Dukungan OJK dan Industri Perbankan untuk Pengelolaan Risiko Perubahan Iklim

Dukungan OJK dan Industri Perbankan untuk Pengelolaan Risiko Perubahan Iklim

EP
Echa Panrita Lopi

Penulis

Terkinidotid Hadir di WhatsApp Channel
Follow

Panduan CRMS dilatarbelakangi oleh berbagai faktor antara lain kerentanan geografis Indonesia, perkembangan komitmen global, dan standar internasional terkait isu perubahan iklim khususnya pada sektor perbankan.

Sejalan dengan arah kebijakan global tersebut, beberapa negara di dunia juga telah menginisiasi penerapan manajemen risiko iklim kepada perbankan dan industri keuangan lainnya.

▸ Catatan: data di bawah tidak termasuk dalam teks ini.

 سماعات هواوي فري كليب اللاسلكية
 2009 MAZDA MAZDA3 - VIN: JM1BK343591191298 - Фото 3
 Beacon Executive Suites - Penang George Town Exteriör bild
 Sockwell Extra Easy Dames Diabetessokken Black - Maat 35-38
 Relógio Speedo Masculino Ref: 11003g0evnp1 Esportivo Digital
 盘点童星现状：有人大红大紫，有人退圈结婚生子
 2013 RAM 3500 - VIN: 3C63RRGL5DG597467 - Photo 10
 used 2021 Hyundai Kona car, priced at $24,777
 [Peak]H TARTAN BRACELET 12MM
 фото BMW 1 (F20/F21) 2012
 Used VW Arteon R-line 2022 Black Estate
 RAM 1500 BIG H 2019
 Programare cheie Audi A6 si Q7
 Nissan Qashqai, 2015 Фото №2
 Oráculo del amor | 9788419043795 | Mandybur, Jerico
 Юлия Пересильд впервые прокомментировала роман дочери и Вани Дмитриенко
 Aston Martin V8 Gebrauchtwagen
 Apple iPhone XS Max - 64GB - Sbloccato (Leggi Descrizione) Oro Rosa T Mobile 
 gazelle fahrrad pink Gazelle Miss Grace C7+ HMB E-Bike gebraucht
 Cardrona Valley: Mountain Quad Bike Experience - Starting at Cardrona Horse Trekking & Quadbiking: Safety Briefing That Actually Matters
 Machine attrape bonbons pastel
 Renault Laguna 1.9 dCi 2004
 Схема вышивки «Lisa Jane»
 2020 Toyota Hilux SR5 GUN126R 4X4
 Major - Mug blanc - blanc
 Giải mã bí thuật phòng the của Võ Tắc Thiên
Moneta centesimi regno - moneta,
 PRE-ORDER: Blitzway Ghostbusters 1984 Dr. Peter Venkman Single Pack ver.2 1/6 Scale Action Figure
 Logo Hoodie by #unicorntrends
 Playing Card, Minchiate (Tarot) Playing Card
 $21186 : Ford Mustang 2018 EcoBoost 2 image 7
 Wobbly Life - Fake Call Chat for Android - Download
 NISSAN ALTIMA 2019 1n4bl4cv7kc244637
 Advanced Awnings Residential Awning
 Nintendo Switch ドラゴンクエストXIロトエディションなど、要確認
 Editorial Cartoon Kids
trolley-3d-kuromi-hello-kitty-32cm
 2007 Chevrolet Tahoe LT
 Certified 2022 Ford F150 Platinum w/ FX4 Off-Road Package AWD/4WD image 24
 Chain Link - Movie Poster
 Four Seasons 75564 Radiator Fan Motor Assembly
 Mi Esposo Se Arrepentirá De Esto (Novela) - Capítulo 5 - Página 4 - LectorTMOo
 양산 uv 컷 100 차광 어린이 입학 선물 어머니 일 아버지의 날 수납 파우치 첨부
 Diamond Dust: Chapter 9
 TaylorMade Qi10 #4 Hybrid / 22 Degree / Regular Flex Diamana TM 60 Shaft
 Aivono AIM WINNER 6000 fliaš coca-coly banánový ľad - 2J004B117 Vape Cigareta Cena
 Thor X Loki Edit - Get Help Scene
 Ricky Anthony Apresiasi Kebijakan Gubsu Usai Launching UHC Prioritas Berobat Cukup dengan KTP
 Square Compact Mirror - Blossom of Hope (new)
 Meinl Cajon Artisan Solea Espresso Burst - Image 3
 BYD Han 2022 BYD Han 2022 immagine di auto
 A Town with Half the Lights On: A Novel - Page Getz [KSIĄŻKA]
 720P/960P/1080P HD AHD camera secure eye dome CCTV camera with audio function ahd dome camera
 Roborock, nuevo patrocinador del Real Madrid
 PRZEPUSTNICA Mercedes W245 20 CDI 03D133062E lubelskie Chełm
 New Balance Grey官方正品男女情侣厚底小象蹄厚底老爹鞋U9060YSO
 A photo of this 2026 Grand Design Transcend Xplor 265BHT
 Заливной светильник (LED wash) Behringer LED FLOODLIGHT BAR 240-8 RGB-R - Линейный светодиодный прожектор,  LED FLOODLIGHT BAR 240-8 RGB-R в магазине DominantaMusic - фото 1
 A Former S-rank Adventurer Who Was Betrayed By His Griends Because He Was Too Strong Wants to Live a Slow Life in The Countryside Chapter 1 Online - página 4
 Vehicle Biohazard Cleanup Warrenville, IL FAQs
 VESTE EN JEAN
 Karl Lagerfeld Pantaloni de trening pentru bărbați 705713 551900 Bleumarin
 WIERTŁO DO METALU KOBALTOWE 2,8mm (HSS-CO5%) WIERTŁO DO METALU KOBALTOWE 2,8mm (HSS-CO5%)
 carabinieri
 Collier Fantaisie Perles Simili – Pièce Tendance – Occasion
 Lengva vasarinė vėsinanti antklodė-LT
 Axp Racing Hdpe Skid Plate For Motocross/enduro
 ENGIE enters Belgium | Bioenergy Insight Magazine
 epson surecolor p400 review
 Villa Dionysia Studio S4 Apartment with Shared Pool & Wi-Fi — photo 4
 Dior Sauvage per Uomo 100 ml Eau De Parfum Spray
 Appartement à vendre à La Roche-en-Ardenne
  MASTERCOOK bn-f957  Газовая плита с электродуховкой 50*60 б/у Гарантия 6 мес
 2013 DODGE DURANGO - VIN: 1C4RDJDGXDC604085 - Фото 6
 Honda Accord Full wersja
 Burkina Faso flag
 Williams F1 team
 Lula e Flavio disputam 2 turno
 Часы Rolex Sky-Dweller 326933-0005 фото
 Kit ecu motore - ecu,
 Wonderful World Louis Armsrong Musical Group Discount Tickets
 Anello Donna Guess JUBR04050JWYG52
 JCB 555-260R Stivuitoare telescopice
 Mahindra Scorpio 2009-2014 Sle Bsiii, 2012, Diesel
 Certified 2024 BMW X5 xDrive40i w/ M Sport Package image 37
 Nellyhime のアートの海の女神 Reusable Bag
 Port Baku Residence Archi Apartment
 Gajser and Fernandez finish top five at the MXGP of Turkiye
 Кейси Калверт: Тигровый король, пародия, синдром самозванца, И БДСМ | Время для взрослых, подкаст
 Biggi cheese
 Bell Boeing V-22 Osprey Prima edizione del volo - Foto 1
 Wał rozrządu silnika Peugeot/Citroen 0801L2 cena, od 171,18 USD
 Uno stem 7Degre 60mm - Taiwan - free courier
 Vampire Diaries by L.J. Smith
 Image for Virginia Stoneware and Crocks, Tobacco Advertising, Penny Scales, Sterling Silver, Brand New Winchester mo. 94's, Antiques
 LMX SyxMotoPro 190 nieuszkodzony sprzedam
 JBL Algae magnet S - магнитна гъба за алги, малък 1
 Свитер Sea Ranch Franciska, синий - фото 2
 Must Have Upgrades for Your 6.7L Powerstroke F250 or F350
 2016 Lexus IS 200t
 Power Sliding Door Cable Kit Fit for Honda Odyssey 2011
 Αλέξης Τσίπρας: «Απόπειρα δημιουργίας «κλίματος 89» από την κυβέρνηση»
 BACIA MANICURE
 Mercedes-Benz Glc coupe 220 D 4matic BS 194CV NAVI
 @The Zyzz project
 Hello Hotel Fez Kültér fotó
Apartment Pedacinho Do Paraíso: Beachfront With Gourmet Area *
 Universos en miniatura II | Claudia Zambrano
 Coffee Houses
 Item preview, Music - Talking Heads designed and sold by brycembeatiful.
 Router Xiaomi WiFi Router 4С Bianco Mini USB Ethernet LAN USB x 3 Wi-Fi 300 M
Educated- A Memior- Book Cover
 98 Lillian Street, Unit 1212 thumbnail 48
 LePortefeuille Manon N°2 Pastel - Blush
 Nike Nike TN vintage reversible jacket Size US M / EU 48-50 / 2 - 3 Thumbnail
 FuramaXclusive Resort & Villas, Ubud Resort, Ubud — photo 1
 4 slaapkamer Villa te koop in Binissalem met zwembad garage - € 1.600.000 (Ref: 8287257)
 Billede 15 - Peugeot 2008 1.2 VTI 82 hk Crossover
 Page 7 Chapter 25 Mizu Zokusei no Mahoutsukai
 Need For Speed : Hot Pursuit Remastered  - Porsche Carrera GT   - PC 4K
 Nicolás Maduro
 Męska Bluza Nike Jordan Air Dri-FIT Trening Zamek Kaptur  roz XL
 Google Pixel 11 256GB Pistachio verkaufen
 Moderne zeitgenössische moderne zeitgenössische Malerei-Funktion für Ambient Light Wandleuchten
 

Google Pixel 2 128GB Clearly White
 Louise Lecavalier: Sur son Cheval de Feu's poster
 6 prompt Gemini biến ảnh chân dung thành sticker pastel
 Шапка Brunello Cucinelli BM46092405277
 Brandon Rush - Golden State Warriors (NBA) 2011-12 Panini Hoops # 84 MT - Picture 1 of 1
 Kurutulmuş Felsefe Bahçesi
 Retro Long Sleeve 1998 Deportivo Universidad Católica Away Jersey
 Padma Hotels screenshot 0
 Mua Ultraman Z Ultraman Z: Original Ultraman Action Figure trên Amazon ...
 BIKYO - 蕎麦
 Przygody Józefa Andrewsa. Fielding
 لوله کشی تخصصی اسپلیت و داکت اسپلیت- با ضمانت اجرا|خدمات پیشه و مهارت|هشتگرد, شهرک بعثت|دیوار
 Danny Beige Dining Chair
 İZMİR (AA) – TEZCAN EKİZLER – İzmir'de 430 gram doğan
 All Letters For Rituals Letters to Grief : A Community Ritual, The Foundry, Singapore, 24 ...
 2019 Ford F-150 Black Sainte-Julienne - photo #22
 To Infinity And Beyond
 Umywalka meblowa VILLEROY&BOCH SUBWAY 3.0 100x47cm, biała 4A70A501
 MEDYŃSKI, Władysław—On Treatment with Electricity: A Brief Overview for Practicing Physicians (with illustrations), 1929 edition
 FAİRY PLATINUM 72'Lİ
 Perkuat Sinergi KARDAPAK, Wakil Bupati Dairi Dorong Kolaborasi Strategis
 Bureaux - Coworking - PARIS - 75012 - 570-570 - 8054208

Untuk memperkuat penerapan manajemen risiko iklim, OJK telah memberikan mandat integrasi risiko iklim di sektor perbankan melalui penerbitan POJK No. 17/2023 tentang Tata Kelola Bank Umum yang mengatur kewajiban penerapan risiko iklim pada aspek tata kelola, strategi, dan manajemen risiko perbankan.

Penyusunan Panduan CRMS telah memperhatikan common practice dan standar internasional yang disesuaikan dengan konteks Indonesia dan kepentingan nasional.

Tentunya panduan CRMS ini akan bersifat living document yang akan diperbarui secara berkala sesuai dengan global policies direction, praktik terbaik di industri keuangan dan tuntutan stakeholders.

Panduan CRMS diharapkan dapat menjadi bridging policy sebelum berlakunya standar internasional terkait management and supervision of climate-related financial risks.

Dalam penerapannya, panduan ini juga tidak dapat berdiri sendiri dan sangat erat kaitannya dalam mendukung implementasi kebijakan keuangan berkelanjutan OJK ke depan yaitu sebagai:

  • Pendorong keterlibatan perbankan di Bursa Karbon sebagaimana diatur dalam POJK No. 14/2023 sebagai opsi upaya penurunan risiko dari emisi karbon untuk aset pembiayaan perbankan.

  • Technical guidance dalam penerapan Manajemen Risiko Iklim untuk Perbankan sebagaimana amanat POJK No.17/2023.

  • Pendorong keterlibatan perbankan dalam penerbitan instrumen Efek Bersifat Utang/Sukuk Berkelanjutan (EBUS) sebagaimana diatur dalam POJK No.18/2023.